Ittefaq Nama

Ittefaq Nama
I am reading a lot in jail. What else there is to do? Mraan has taken away my televiyion. Since I am from Kashmiri family, grief is in my heart. There is a poet, Agha Shahid Ali, who died young, and is known as a “chronicler of pain”, and I thought, Nawaz, you know about pain. Why not to read Agha Shahid Ali?

At the Museum 

But in 2500 BC, Harappa, 

Who caste in bronze, a servant girl? 

No one keeps records 

of soldiers and slaves

The sculptor knew this,

Polishing the ache 

Of her fingers stiff 

from washing the walls

And scrubbing the floors, 

Stirring the meat 

And the crushed asafetida 

In the bitter gourd. 

But I’m grateful she smiled 

At the sculptor 

As she smiles at me, 

In bronze 

A child who had to play woman 

To her lord 

When the warm June rains 

Came to Harappa 

Then Agha Saab, he writes about inherited skeletons that you have to carry through your own life, if you want to live and die with honour.

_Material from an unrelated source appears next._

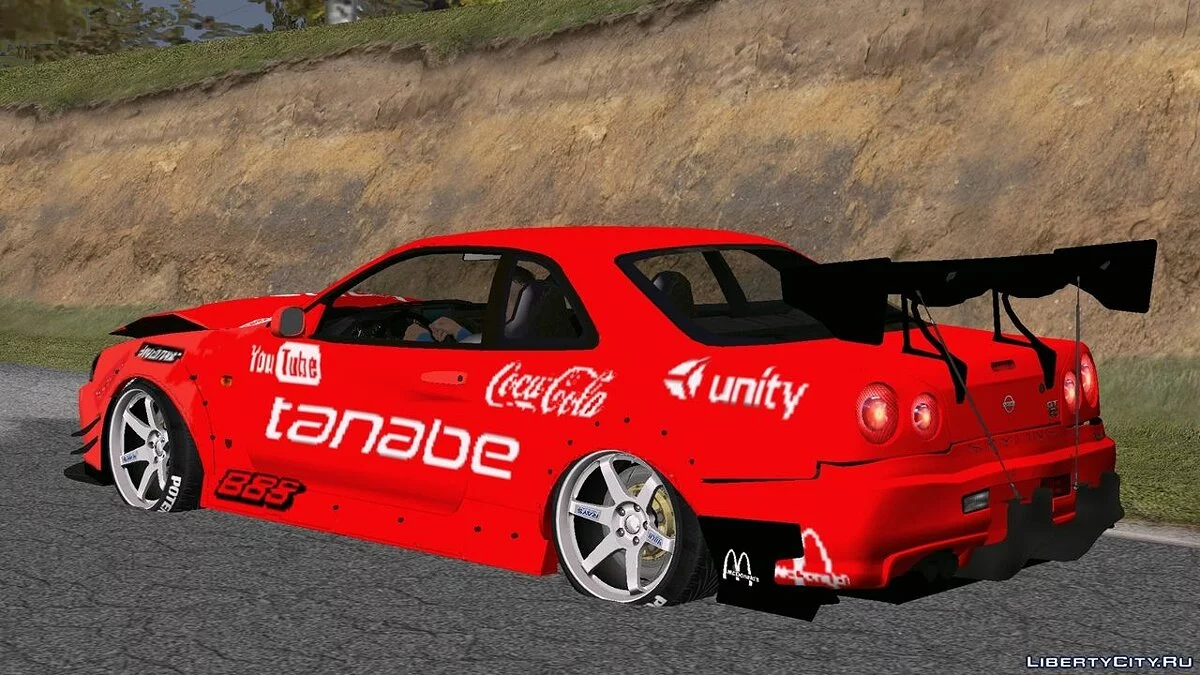 Nissan GTR R34 / GTA San Andreas (iOS, Android)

I know about that too.

My ancestor, a man

of Himalayan snow,

came to Kashmir from Samarkand,

carrying a bag

of whale bones:

heirlooms from sea funerals.

His skeleton carved from glaciers ...

This heirloom,

his skeleton under my skin, passed

from son to grandson,

generations of snowmen on my back.

They tap every year on my window,

their voices hushed to ice....

...even if I’m the last snowman ... I’ll ride into spring on their melting shoulders.

I am also reading Faiz, who like me spent time in prison. Also like me, he was Marxist, loved shopping in Marks & Spencer.